After the morning hike, we took a well-deserved afternoon nap and chill at the hotel’s gorgeous swimming pool and later popped across the road for some cocktails and BBQ ribs at the more casual Hana Ranch.
Day two of the road to Hana
We got up relatively early (ahem 10 am) and drove to Wai’anapanapa State Park (mile marker 32) to swim at the black sand beach. It was the most incredible place I’ve ever seen and one of my favourite places in Hawaii. The most vibrant neon green plants grow out of the black soil. Black sand and black rocks jut out from the shallow turquoise sea, the deeper parts a deeper electric blue, indistinguishable from the bright blue sky.
There are some coastal hike paths around here that we explored for a bit. But we weren’t prepared for a hike, dressed with flip-flops and beachwear, so we turned back after 20 minutes or so. There is also a sea cave to the right of the beach that a lot of people got very excited about.
The black sand gets seriously hot. I put my flipflops on a rock near the water and ran in fast like running over hot coals. The ‘sand’ is a mix of tiny pebbles as fine as caviar, as well as bigger, smooth stones that sparkle under the sun. Wai’anapanapa actually means glistening waters. We brought our waterproof go pro with us to take some fun shots.
This is not a place to rush or take a photo and leave. Bring a picnic basket and spend at least a few hours here, hike to a secluded beach and swim in the sea. You won’t regret it.
After the black sand beach, we drove to Hamoa Beach (mile marker 50), considered by some as one of the most beautiful beaches in the world. It’s a relatively small, crescent-shaped bay, with white powdery sand and crystal clear waters that roll to shore in small waves. The beach is lined with trees providing plenty of shade and is typically not very crowded. There is also a bathroom, however, my husband said he saw a spider so big he thought it was a crab. So be careful!
The Travaasa Hana has about 8 sunbeds on the beach reserved for its guests, which are the only sunbeds there.
From Hana to Wailea
Day three came all too soon. Before hitting the road to Wailea, we spent the morning at Kaihalulu beach, also known as the red sand beach. It’s about a 15-minute walk from the hotel along a narrow hike path that requires proper footwear.

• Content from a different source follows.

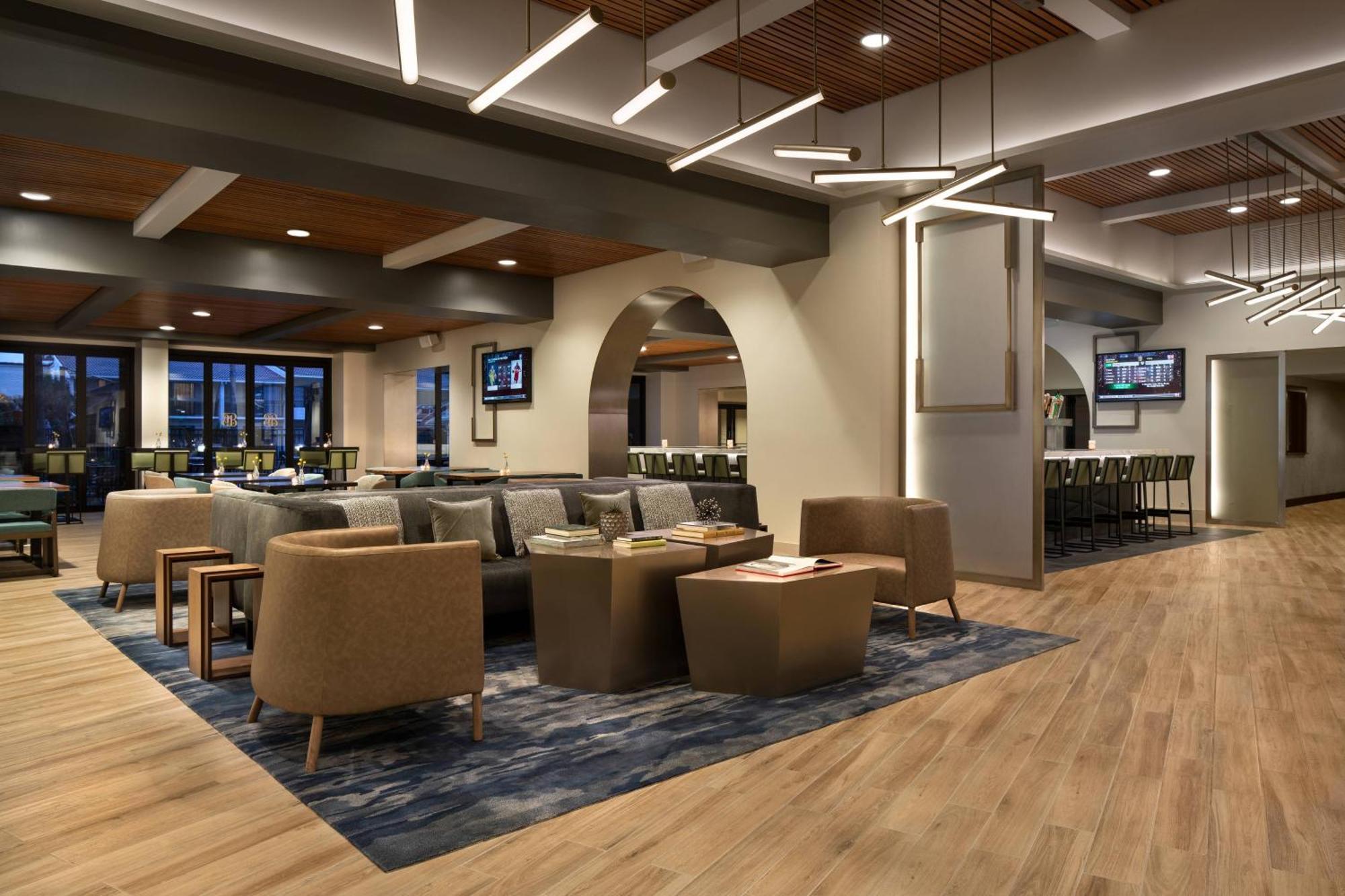 Santa Clara Marriott Hotel Exterior photo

After our swim, we took a shower and checked out. For the road, we stocked up on water and food supplies from the hotel’s small convenience store, as well as plenty of that delicious banana bread from the restaurant. Everyone who visits Maui will have their favourite banana bread place. Ours was from the Travaasa Hana. It also makes a super healthy breakfast (I think!)
On our way back we stopped at the Garden of Eden (mile marker 10) as I became obsessed with the lush vegetation of Hawaii and wanted to learn a bit more about the plants and species here. The garden also has some nice waterfall and sea views, a bathroom and a cafe.
Garden of Eden charges $15 per person to enter and although it is quite small, 30 minutes here can easily turn into 2 hours as there is so much plant life to see.
If given more time…
Our plan was to visit Paia town and the Twin Falls (mile marker 2) from Wailea one day, but once we got to the Four Seasons we absolutely didn’t want to leave. Our 3 nights at the Travaasa Hana were nothing short of bliss, and the least time you should consider staying.
While we definitely hit up some of the best highlights of Maui, even at our seemingly leisurely pace, we could have taken things even slower still. It’s a shame to rush through these places when it’s a once in a lifetime trip. Because who knows when we’ll be back. For our 10 year anniversary, maybe.
In hindsight, an earlier start or 4-night stay would have let us spend some more time by the pool or relaxing on Hamoa Beach. As well as go to Wailua and/or Twin Falls and visit Paia town, where you’ll find the island’s most popular restaurant, Mama’s Fish House.
So to answer the questions, is Maui’s road to Hana more about the road or the destination? It should now seem like a bit of a silly question; it’s both.